Laudrup lifts the trophy for Denmark

Denmark did not qualify for the tournament in Sweden but got their chance when Yugoslavia, in a state of civil war, did not participate. And boy, did they take it, beating Germany in the final to pull off a fairytale victory. Kim Vilfort, who scored in the final, explains why the Danes were better prepared than many realised.

1996

Paul Gascoigne

Euro 96 - the tournament when football came home, almost. England reached the last four, but lost to Germany on penalties. Sound familiar? Germany went on to win the final, defeating the Czechs at Wembley. England striker Alan Shearer remembers a memorable month.

2000

Emmanuel Petit (left) and Zinedine Zidane

England recorded a rare win over Germany but failed to get out of their group and Kevin Keegan's men went home in disappointment. France had won the World Cup on home soil in 1998 and wanted to prove their supremacy by winning in Belgium and the Netherlands. Midfielder Emmanuel Petit explains how France held their nerve to triumph.

2004

Greece coach Otto Rehhagel

Euro 2004: When Greece were crowned kings. It was going to be Portugal's year, the tournament when they triumphed on home soil. Otto Rehhagel, the German coach of heavily unfancied Greece, had other ideas.
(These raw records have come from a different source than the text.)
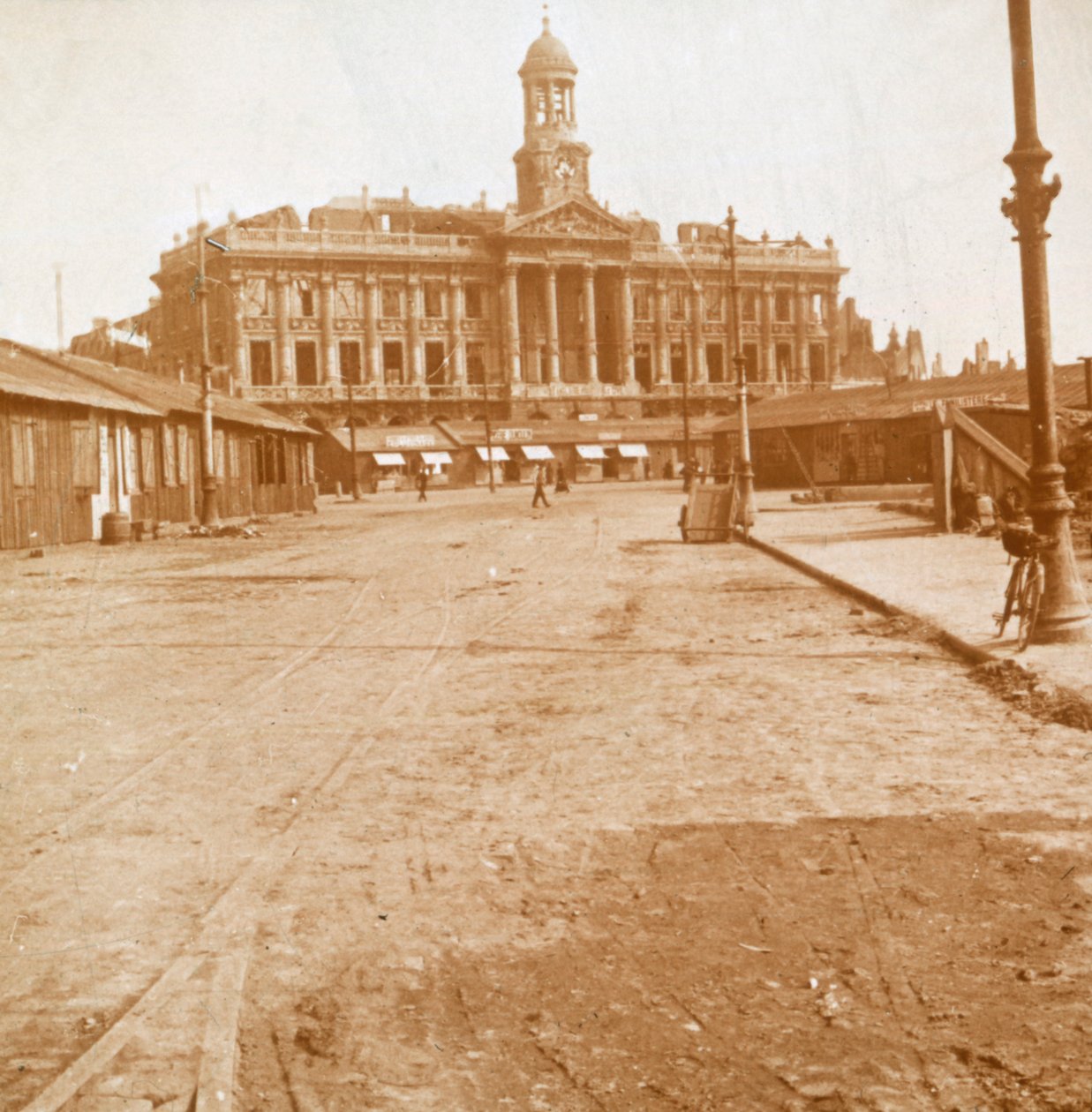 Rathaus und Hauptplatz, Cambrai, Nordfrankreich, ca. 1914-ca. 1918 von Unbekannt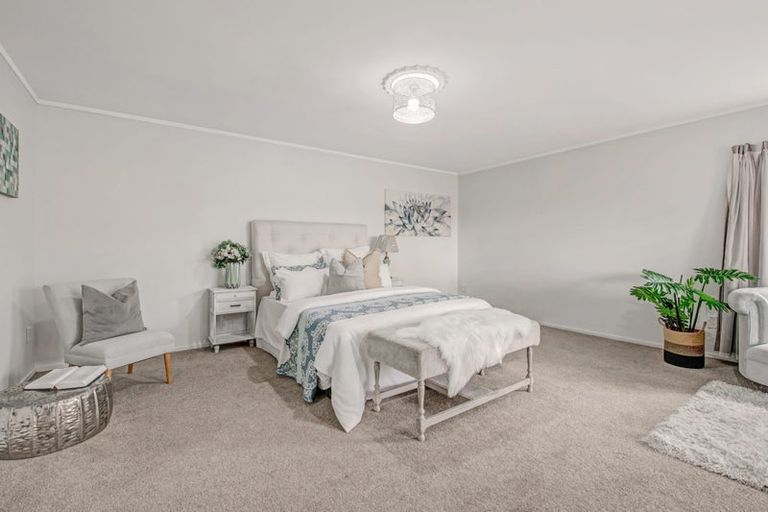 Photo of property in 2 Westminster Gardens, Unsworth Heights, Auckland, 0632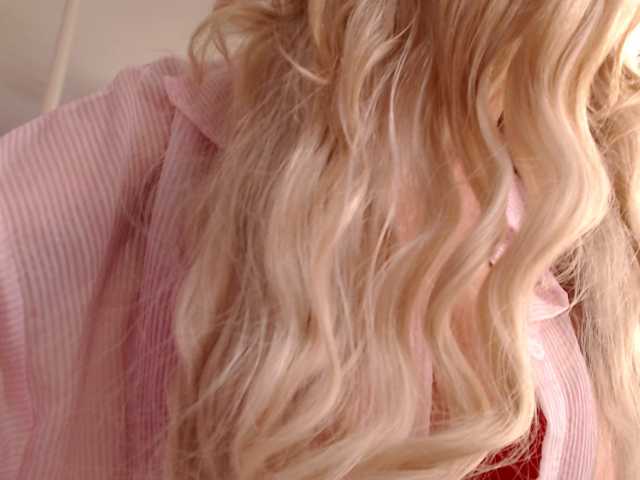 HottieSweetBritney live cam on BongaCams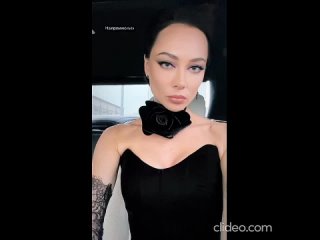 porn мне казалось я одна приду голая самбурская в платье с прозрачной юбкой блеснула бедрами на публике hd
BBC chief football writer Phil McNulty recalls a month when defensive grit overcame attacking flair.

2008

Colin Kazim-Richards in action for Turkey

A brilliant tournament in Austria and Switzerland produced a stack of stunning games, while Spain ended a 44-year wait to end their international disappointment. Turkey pulled off a series of stirring comebacks on their way to the semi-finals. Midfielder Colin Kazim-Richards recalls a memorable month for Turkey.